Sejumlah koruptor dibebaskan bersyarat baru-baru ini karena dinilai berkelakuan baik dan pantas menghirup udara bebas.
Mereka terdiri atas para mantan: Ketua MK, Menteri, Gubernur dan Jaksa. Para pegiat anti korupsi menyayangkan pembebasan tersebut karena itu berarti korupsi tidak lagi dinilai sebagai 'kejahatan luar biasa'.
Bagaimana pun, pembebasan bersyarat itu tentu merujuk kepada UU yang berlaku.
Ada dua kemungkinan terjadi kepada para koruptor yang dibebaskan bersyarat itu:
Pertama, jera dan tidak lagi melakukan kejahatan yang sama kalau mereka nanti menjadi pejabat publik kembali.
Kedua, balas dendam dengan melakukan korupsi secara lebih rapi sehingga tidak dapat dilacak oleh siapa pun.
Sebagai mantan napi, nama mereka tercoreng sudah. Kecil sekali kemungkinan mereka terpilih kembali untuk menduduki jabatan-jabatan publik.
Jadi semuanya terserah kepada rakyat, apa masih memberi kesempatan kepada mereka untuk menjadi pejabat publik atau tidak.

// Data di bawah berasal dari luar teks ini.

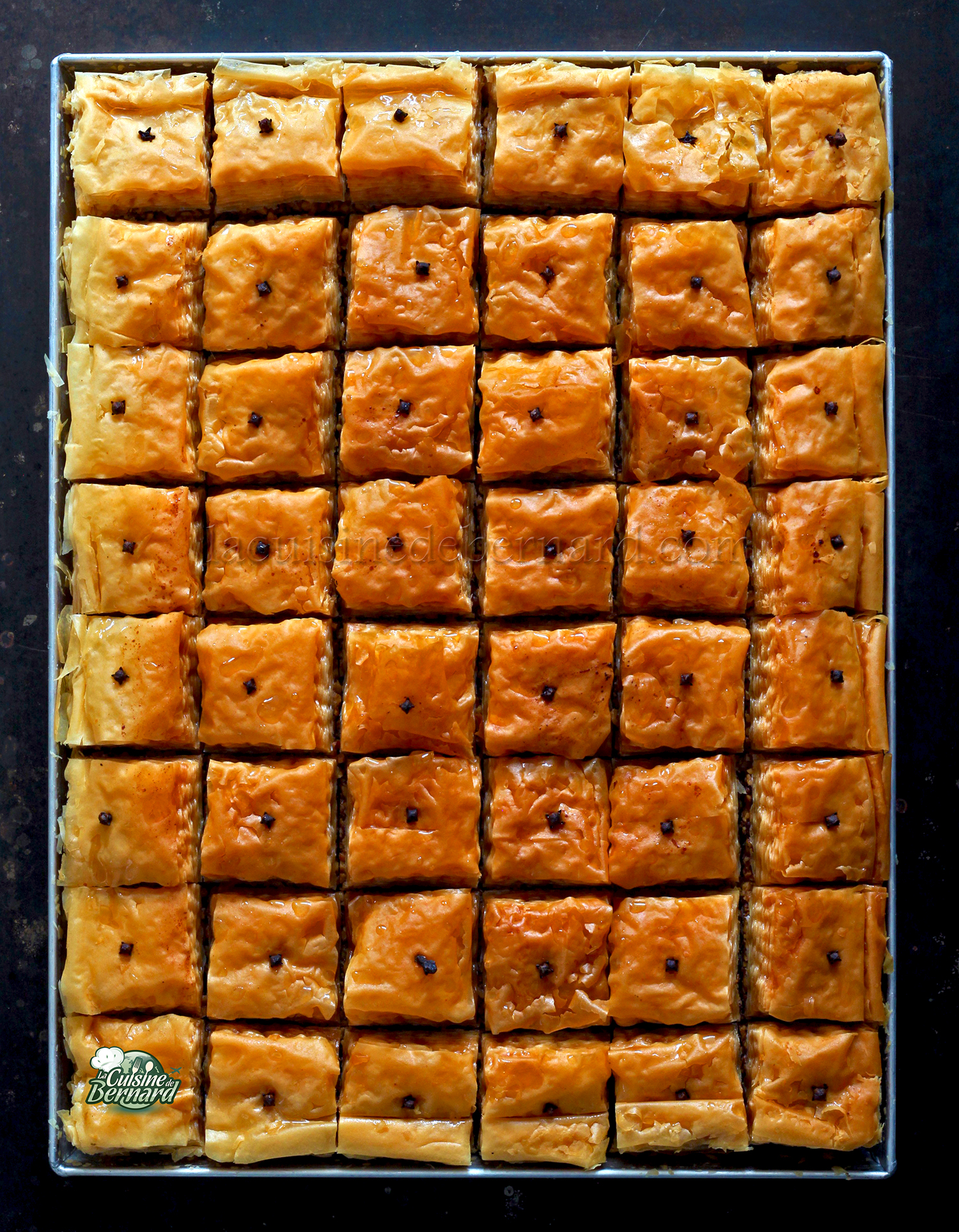 Un plateau de 54 morceaux de baklava brun doré, riches en grecques et en noix, soigneusement disposés en grille et surmontés d'un petit morceau de clou de girofle sur chaque morceau.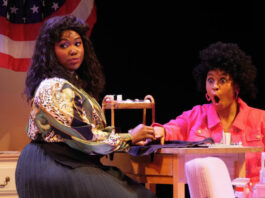 Two women react with surprise at a nail salon in an on-stage production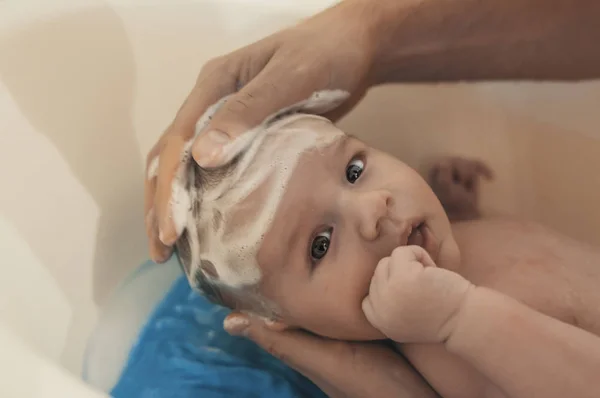 衛生と赤ちゃんのケア 白の小さなプラスチック製の赤ちゃんの浴槽で入浴息子は父 カメラ目線の赤ちゃん — ストック写真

Sebelum menentukan pilihan, sebaiknya rakyat mengingat apa yang telah dilakukan para koruptor. Mereka merampok uang rakyat untuk memperkaya diri sendiri.
Padahal tingkat kehidupan mereka jauh lebih tinggi daripada rata-rata rakyat Indonesia.
Mereka korupsi karena rakus, mementingkan diri sendiri dan menomorduakan rakyat. Mereka memang tidak pantas menjadi pemimpin rakyat.